Ergenekon Destanında bolluk bereketlik
aramak için yollara düşmüştü Türk Halkı, kıtlıktan yokluktan kaçarak Anadolu’ya
gelmişti. Ergenekon’dan çıkışın yıl
dönümüydü bir bakıma Nevruz Türklerce… Aradığımız bereketli topraklara kavuştuk
çok şükür, çok şükür de bereketini ne kadar üleşebiliyoruz birlikte düşünülür..
ne kadar doygunuz hepimiz, Anadolu pastasından hepimize pay düşüyor mu, ne
kadar? Bizim insan severliğimiz, dostluğumuz, aç yatan komşumuz olduğunda
üzüntüden uyuyamayan hassasiyetimiz, birileri ağlarken gülmeyen
gönüldaşlığımız, dahası özgürlük
tutkumuz nerde?
İnsanlar kendilerini nasıl ifade ediyorlarsa
öyle ifade etmeliler, nasıl eğlenmek istiyorlarsa başkalarına zarar vermeden
öyle eğlenmeliler.. Bizde başkalarının her hareketine müdahale tavrı ve
haklılık payı fazlaca gelişti.. Türk olmayanlara devletin dayattığı “ Türksün!”

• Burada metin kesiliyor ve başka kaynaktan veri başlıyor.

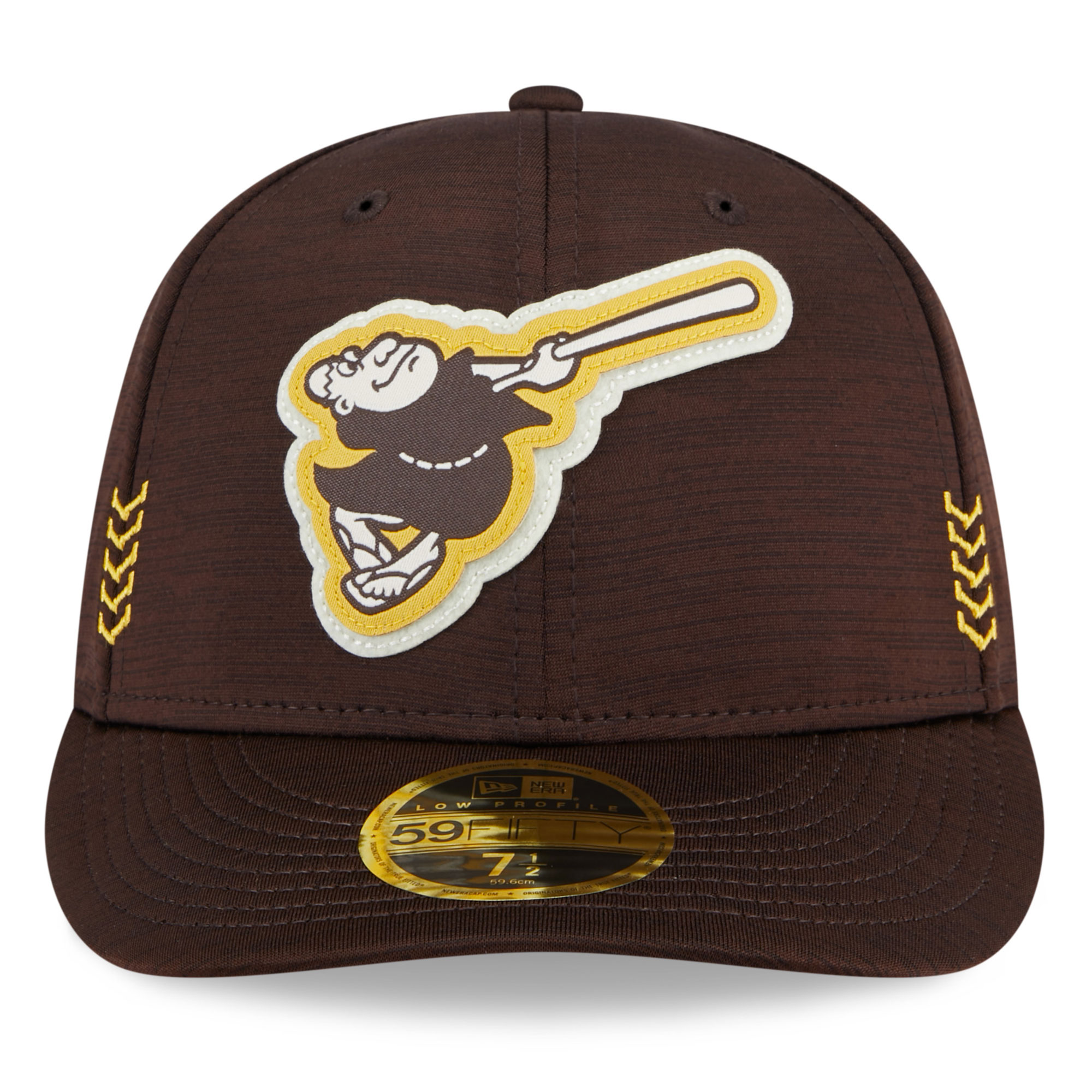 mens san diego padres new era brown 2024 clubhouse low profile 59fifty fitted hat Collection - San Diego Padres Proshop Jerseys & Caps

kimliğini biz de halk olarak dayatmaya başladık. Çok da çabuk unuttuk
asırlardır dostluk, kardeşlik ve barış içinde huzurla yaşadığımızı… Herkes
ulusal kimliğinin üstünlüğünü savunur kendi ırkından, ulusundan başkalarının
yaşamaya iyi yaşamaya hakkı olmadığını savunur oldu. Oysa asıl olan ulusumuzun üstün niteliklerini
yaşamak ve yaşatmaktır.
Ben Türküm.. Bir Gürcü ile evli bir Türküm. Türk olmakla gurur duyan bir Türküm.
İlk öğretmenlik yıllarımı Diyarbakır’da Kürtler’in dostluğunu paylaşarak
yaşadım. Çok kürt komşum, arkadaşım
oldu; ve de laz, ve de Gürcü, ve de Çerkez, ve de Abhaza, tabiî ki de Türk…Söylemem
gerektiğinde her daim söylemekten de gurur duyuyorum Türk olduğumu .. Yaşantımca edindiğim “Türk
olma “ erdemlerini yaşamaya, davranışlarımla yansıtmaya hep özen gösterdim. Bu
günümüzde yaşamamızı sağlayan aziz şehitlerimizi her an saygıyla andım, gazilerimize
saygılarımı , şükranlarımı ifade ettim…Değerlerimizi o kadar güzel ve doğru yaşadım ki Türklüğümü
kanıtlama ihtiyacını hiç hissetmedim…
Ben Türküm, Ülkemi, Halkımı, Bayrağımı çok
seviyorum.. Yalnızca ülkemdeki değil,
Dünya’daki bütün insanları seviyorum.. Nerede ezilen bir halk varsa kendimi
onların kardeşi görüyorum.. “ Yaşasın Halkların Kardeşliği” sloganını şiar
edinerek kendi halkımın ezenden yana değil ezilenden yana güçlü bir halk olarak
; yürekten sevdiğim güzel bayrağımızın
altında ilelebet özgürce yaşamasını , gölgesinde hiçbir gözü yaşlı, aç,
tutsak,düşünmeyen, cahil,
mutsuz, kavgalı insanın olmasını istemiyorum…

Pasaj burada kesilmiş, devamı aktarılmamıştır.